Aliás, “no estudo inicial já era difícil de entender como sincronização, porque havia uma aproximação descrita das datas de menstruação com intervalos pouco significativos. Ficavam quatro ou cinco dias mais próximos. Isto faz parte da variação biológica normal dos ciclos”, acrescenta o especialista.

Também Maria Oliveira frisa esta variação como algo comum: “O ciclo menstrual tem variações muito diferentes de mulher para mulher em termos do número de dias. Ao longo de um ano, era normal que coincidissem em algumas alturas.”

Ainda sobre a evidência científica, a médica interna adianta que os estudos que se seguiram a 1971 “acabaram por expor as falhas no estudo da Marta McClintock tanto a nível casuístico como analítico”.

Apesar de ter ficado demonstrado que nos humanos o ciclo menstrual não é afectado pela proximidade com outras mulheres, esta ideia continua a circular por vários factores. A vontade de pertencer a um grupo é apontada por Carlos Calhaz Lopes: “É um fenómeno que tem muito que ver com a nossa mentalidade e com a psicologia e que, neste caso, não tem tradução biológica.”

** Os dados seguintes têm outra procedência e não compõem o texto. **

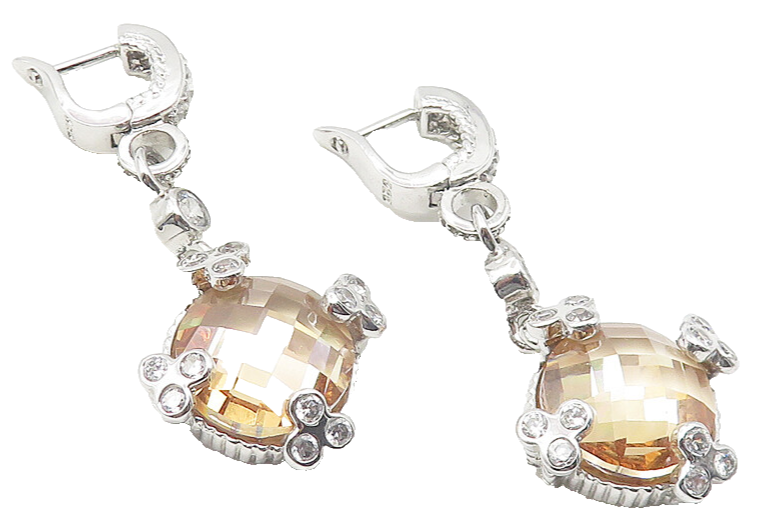 925 Sterling Silver  Shiny Cubic Zirconia Floral Dangle Earrings  EG6011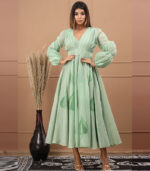 Fannah Chanderi Hand Painted Olive Gown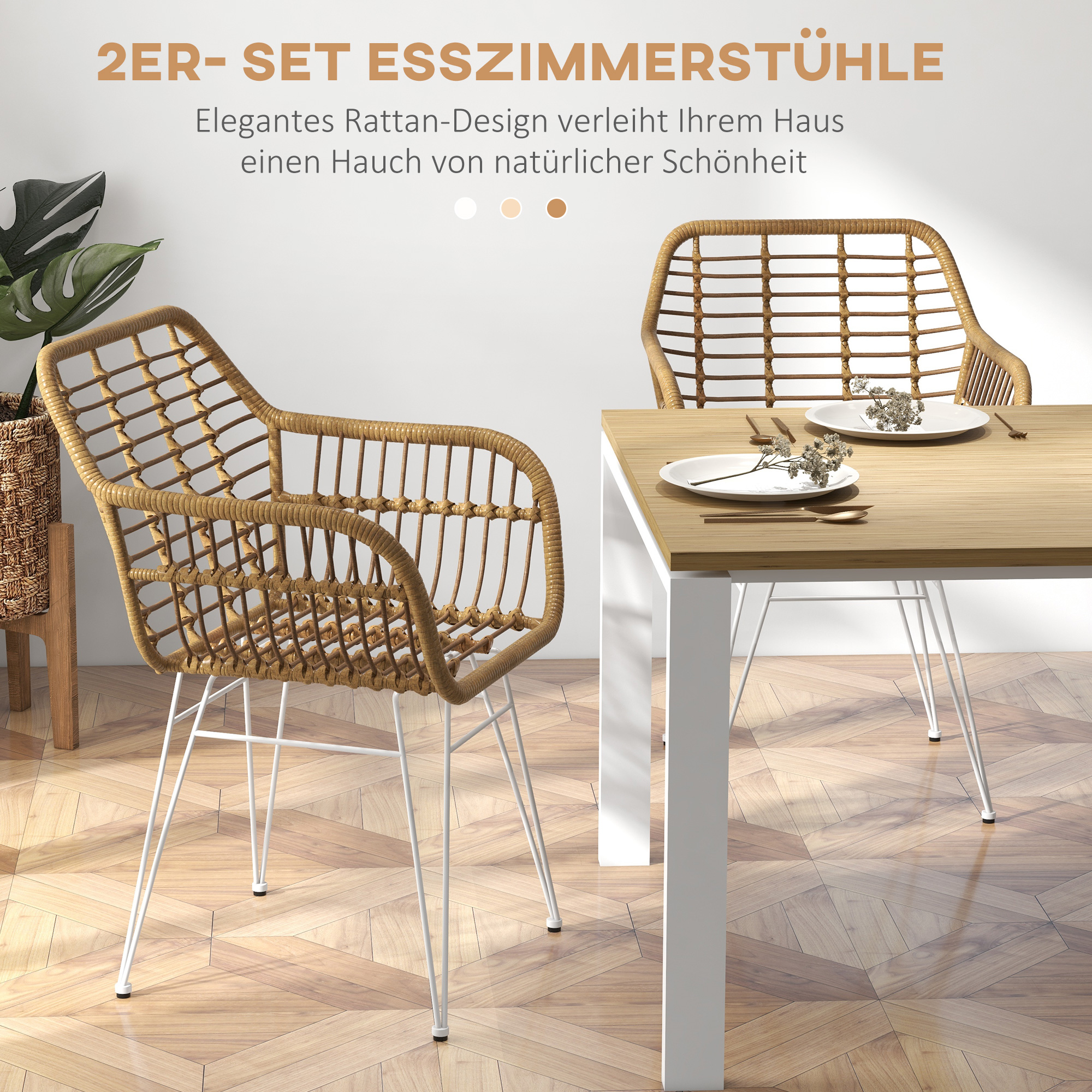 2-er-Set Stühle im Boho-Stil, Küchenstühle, PE-Rattan, 56 x 60 x 79 cm, Natur + Weiß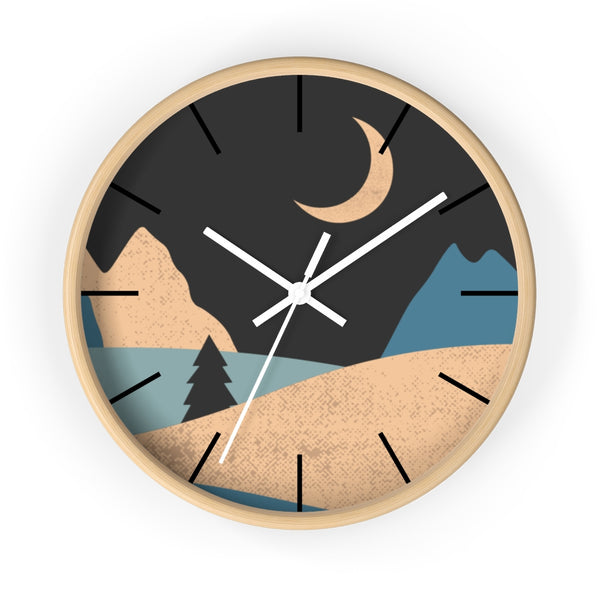 Wall Clock, Clocks, Mountain Night, Organic Theme, Wooden Clock, Time, Wall Decor, Midnight, Wood, Plexiglass, Decor, Home Decor, Gifts - Dakoda Goods & Co.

Maria Oliveira argumenta ainda que, sendo um fenómeno visível, as mulheres têm mais tendência a valorizar “quando se apercebem de que a melhor amiga, a vizinha ou a irmã estão a menstruar na mesma altura”. Ou seja, a especialista sugere que este é um tema que só acaba por ser comentado quando, de facto, duas mulheres estão a menstruar em simultâneo. “Quando não estão sincronizadas, nem é um tema de conversa”, frisa.

Em resumo

A ideia de que as mulheres sincronizam os ciclos menstruais quando passam muito tempo juntas surgiu em 1971 e, apesar de continuar a circular nas redes sociais, não é verdade e já foi desmentida por vários estudos científicos. Há inclusive consenso na comunidade científica sobre este tema.

Apesar disto, é verdade que a periodicidade da menstruação não depende exclusivamente de factores biológicos, podendo ser influenciada por factores externos como doenças crónicas, uso de contraceptivos, perturbações alimentares como anorexia ou bulimia, exercício físico intensivo ou níveis de stress elevados, apontam os especialistas.